Video: How VIbrations in Cars:
In related precursor research to the RMIT project, Japanese researchers had found that the rhythm and vibration of a train lulled passengers to sleep. This led to a testable frequency range of 4 to 7 Hertz for the RMIT simulator.
Testing the hypothesis
To test their theory, the engineering team at RMIT rigged up a simulator, including a car seat on a vibrating platform. VR technology — a steering wheel and controls, with a screen simulation — is used to replicate the sense of the open road.
The seat vibrated at the low frequencies associated with highway thrum, a frequency range of 4 to 7 Hertz. The same test was conducted without vibrations.
All of the volunteers in the experiment were young, averaging 23 years of age, and represented both sexes. The volunteers were fully rested and engaged in hour-long tests each day. The simulator experience was deliberately reflective of straight and non-challenging highways. Between boredom and vibrations, the young volunteers were soon demonstrating fatigue.
The researchers used eye-tracking technology to track the drift of the eyes off the road and the “droop” of the eyelids. “The car typically does an S shape all the way up the road as we get very tired,” said Dr Robinson.
They also found that just fifteen minutes was enough to induce enough drowsiness in an alert 23-year-old to increase the risk of a crash.
In the simulator, the subjects only had to stay on the road and not crash. With the vibrations, they started to have trouble staying awake — let alone alert.
Researchers also measured heart rate responses. On the days when subjects were tested with vibrations, eye droop and heart rate demonstrated less alertness, as compared to days when there was no vibration.
With the problem identified, solutions become apparent. Various ideas for solutions include
- shock absorbing seats
- vibration-cancelling technology (modulating frequencies of seat vibrations to counter the effect)
- more padding on seats
- modulating the actual vibrations of the vehicle itself.

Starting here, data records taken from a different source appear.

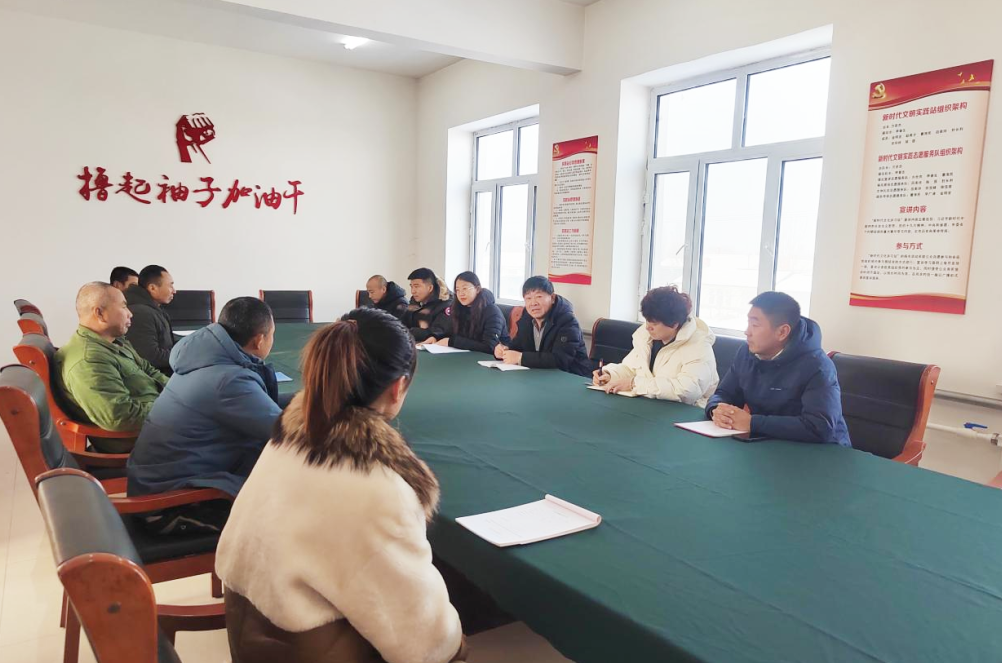 微信图片_20231228155355.png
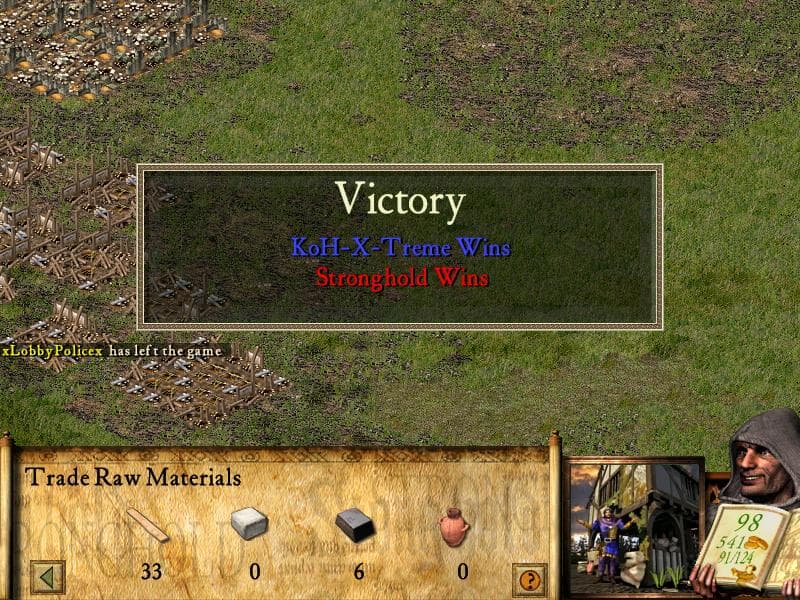 Match 2130 screenshot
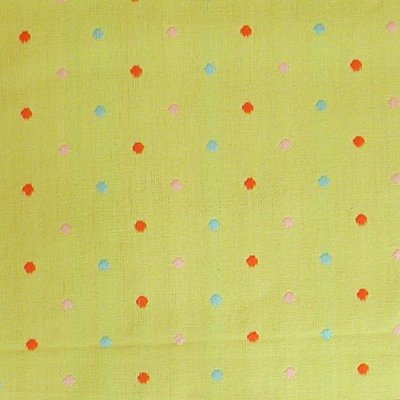 Dot.Orange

Until technological advances are made in automotive engineering, drivers can try a few tips:
- take frequent breaks
- vary the speeds on the highway
- avoid cruise control, which is too “soothing”
- use energetic music
- bring along the kids — screaming and fighting kids are sure to keep you alert.
NOTE: No specific advice is offered to drivers in this feature. This research and any suggestions are simply findings of current research.